If I want to add another rule to the list, like this:

  test:
  - open_port: 22             <====== The new
    to_group: 3.3.3.3/32    <======    rule
  - open_port: 22                                                                                                                                             
    to_group: 4.4.4.4/32

Instead of adding the rule, Terraform destroys it and recreates it, like this:

  # aws_security_group_rule.bp_service_sg_rule["0"] must be replaced
-/+ resource "aws_security_group_rule" "bp_service_sg_rule" {
      ~ cidr_blocks              = [ # forces replacement
          - "4.4.4.4/32",
          + "3.3.3.3/32",
        ]
        from_port                = 22
      ~ id                       = "sgrule-3857769040" -> (known after apply)
      - ipv6_cidr_blocks         = [] -> null
      - prefix_list_ids          = [] -> null
        protocol                 = "tcp"
        security_group_id        = "sg-0e5e36abc940a1a2a"
        self                     = false
      + source_security_group_id = (known after apply)
        to_port                  = 22
        type                     = "ingress"
    }

  # aws_security_group_rule.bp_service_sg_rule["1"] will be created
  + resource "aws_security_group_rule" "bp_service_sg_rule" {
      + cidr_blocks              = [
          + "4.4.4.4/32",
        ]
      + from_port                = 22
      + id                       = (known after apply)
      + protocol                 = "tcp"
      + security_group_id        = "sg-0e5e36abc940a1a2a"
      + self                     = false
      + source_security_group_id = (known after apply)
      + to_port                  = 22
      + type                     = "ingress"
    }

The problem is: we keep a file with ALL security groups of our cluster, when we make one simple change to a specific security group, Terraform destroys ALL rules and recreates them and thats a NO GO since it shuts us down until it finishes.

Hi @denzhel,

Terraform tracks the individual instances of aws_security_group_rule.bp_service_sg_rule by the map keys you selected in your for_each expression. Because you used the index from the list as the key, Terraform believes that the position of the items in the list is the unique identifier, and when you insert a new item in the middle of the list you implicitly change the position of all of the items after it.

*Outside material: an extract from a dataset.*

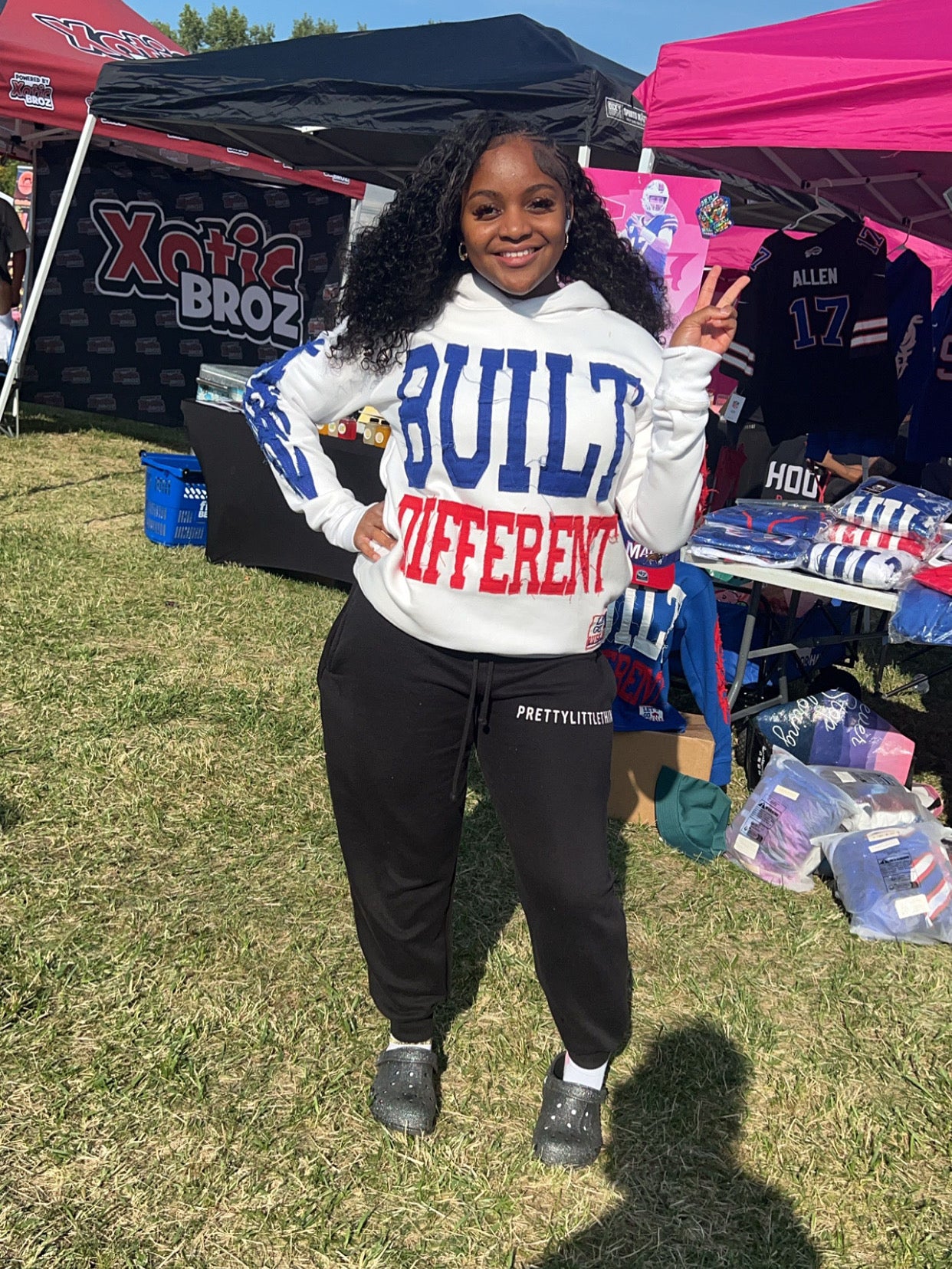 Built Different: Rivalries Edition Unisex Hoodie – 350 GSM Premium Cotton, Distressed Embroidery, Let’s Go Buffalo Patch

The answer here is to select a different key that represents what you consider to be the unique identifier for a rule. In this case it seems like a combination of open_port and to_group would make a sufficient unique identifier, in which case we can adjust your for_each expression to produce such a key like this:

  for_each = { for rules in local.security_group_rules : "${rules.to_group} ${rules.open_port}" => rules }

With the example settings you showed, the above would cause Terraform to track your initial single rule with the following address:

aws_security_group_rule.bp_service_sg_rule["4.4.4.4/32 22"]

Then when you add the new rule you indicated, Terraform will see that it should have the following address:

aws_security_group_rule.bp_service_sg_rule["3.3.3.3/32 22"]

…and, importantly, Terraform can see that the element for "4.4.4.4/32 22" is still present in the map and unchanged, so it knows that no action is required on that existing instance. It should then just plan to create the new instance, corresponding to the new element in your map:

  # aws_security_group_rule.bp_service_sg_rule["3.3.3.3/32 22"] will be created
  + resource "aws_security_group_rule" "bp_service_sg_rule" {
      ....
2 Likes

Wow !! Thank you, Thank you and thank you :slight_smile:
You helped us a lot !!!

It works.

Hi @apparentlymart

I’m facing similar problem: I have dynamic aws_security_group_rules that has cidr blocks from cluster nodes :

resource "aws_security_group_rule" "Galera_cloud_udp" {
  for_each = toset(local.all_nodes)
...
  cidr_blocks       = ["${local.all_cidrs[each.value]}/32"]
}

locals {
  all_nodes = concat(var.aws_nodes, var.gcp_nodes)
  gcp_cidr  = { for nodeName in var.gcp_nodes : nodeName => google_compute_instance.hitachi-dev-google[nodeName].network_interface.0.access_config.0.nat_ip }
  aws_cidrs = { for nodeName in var.aws_nodes : nodeName => aws_instance.hitachi-dev[nodeName].public_ip }
  all_cidrs = tomap(merge(local.aws_cidrs, local.gcp_cidr))
}

variable "aws_nodes" {
  default = ["aws1", "aws2"]
}

When I want to scale up, I’ll change aws_nodes to [“aws1”, “aws2”, “aws3”]

But Terraform gives me:

 # aws_security_group_rule.Galera_cloud_udp["aws2"] must be replaced
-/+ resource "aws_security_group_rule" "Galera_cloud_udp" {
      ~ cidr_blocks              = [
          - "35.159.53.207/32",
        ] -> (known after apply) # forces replacement

seems one “known after apply” in the all_cidrs map makes the map completely “known after apply”…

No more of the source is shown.